LONDON, UK — European companies just can’t get enough of their U.S. rivals.
Two German firms snapped up U.S. competitors for $25 billion before the opening bell Monday, looking beyond record stock prices and a stronger dollar to acquire advanced technology in booming sectors.
In the bigger of the two takeovers, German drug group Merck KGaA will buy Sigma-Aldrich, based in St Louis, Missouri, for about $17 billion in cash. Merck is offering Sigma shareholders a 37% premium to Friday’s closing price.
Merck described the deal as a “quantum leap” that would create a life sciences business better able to compete in the market for research, drugs and biotechnology.
Aging populations in the rich world and rising disposable incomes in many emerging markets are boosting demand for health care, even as many governments demand lower costs, driving a surge in corporate activity.
There were 33 mergers and acquisitions in the sector in the second quarter — worth $14.5 billion — according to PwC, up from 23 in the same period last year.
Energy is another hot sector.
Siemens said Monday it was buying Dresser-Rand, of Houston, Texas, for $7.6 billion in cash, or $83 per share. Dresser-Rand closed Friday at $79.91, up more than 17% for the week.

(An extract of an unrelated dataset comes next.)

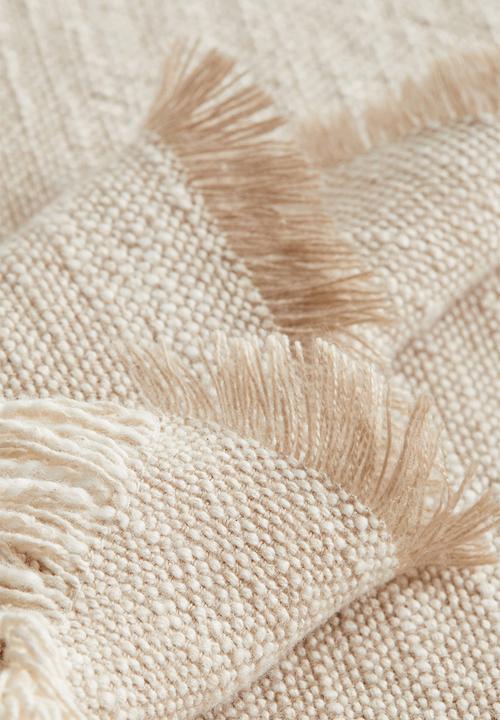 H&M - Fringed slub-weave blanket - beige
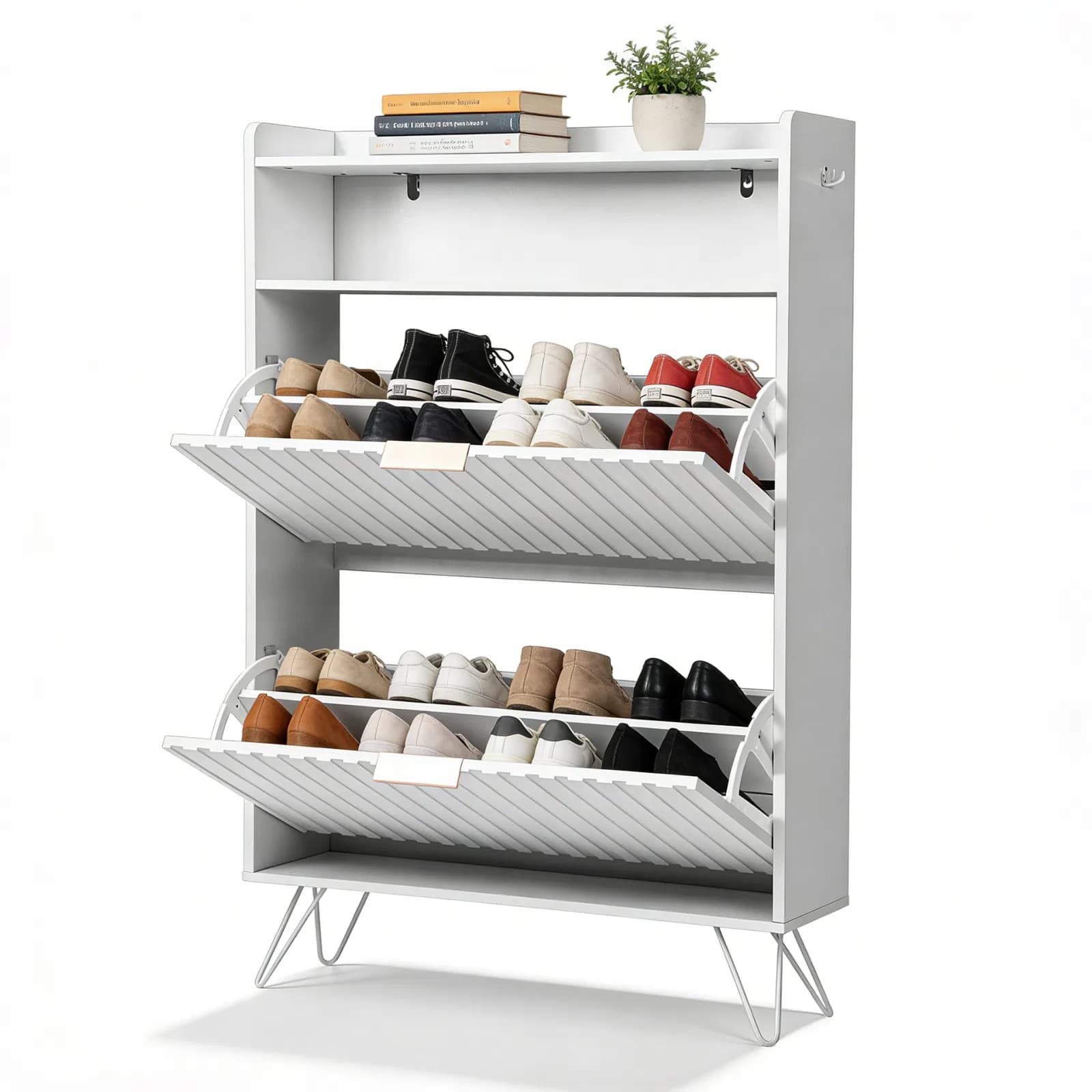 Shoe cabinet with slatted front panel and side panels, two compartments with top-opening lids, two hooks, and high legs. Particleboard cabinet body, MDF vacuum-formed doors. 80*24*120cm, White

Dresser-Rand is an oil services and power generation technology company. It will give Siemens greater exposure to the U.S. fracking boom.

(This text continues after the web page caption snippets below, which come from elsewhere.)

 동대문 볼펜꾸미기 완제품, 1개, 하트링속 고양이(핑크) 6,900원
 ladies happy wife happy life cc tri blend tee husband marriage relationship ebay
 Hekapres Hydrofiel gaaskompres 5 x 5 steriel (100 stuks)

U.S. stocks hit new record highs last week, helped by a reassurance from the Federal Reserve that interest rates won’t rise any time soon despite stronger growth that is boosting corporate profits.
The dollar has gained 8% against the euro, and 3.5% against the pound, since May — making U.S. assets more expensive for European buyers.
But that isn’t stopping executives eager to find stronger growth than Europe can offer.
There have been 397 European takeovers of U.S. companies, worth nearly $156 billion, so far this year. That’s up from 339 deals worth $25.6 billion in the same period of 2013.
Of this year’s deals, 55 were by German firms, up from 42 in 2013.
The figures include the Siemens/Dresser-Rand deal, but not the Merck/Sigma-Aldrich deal.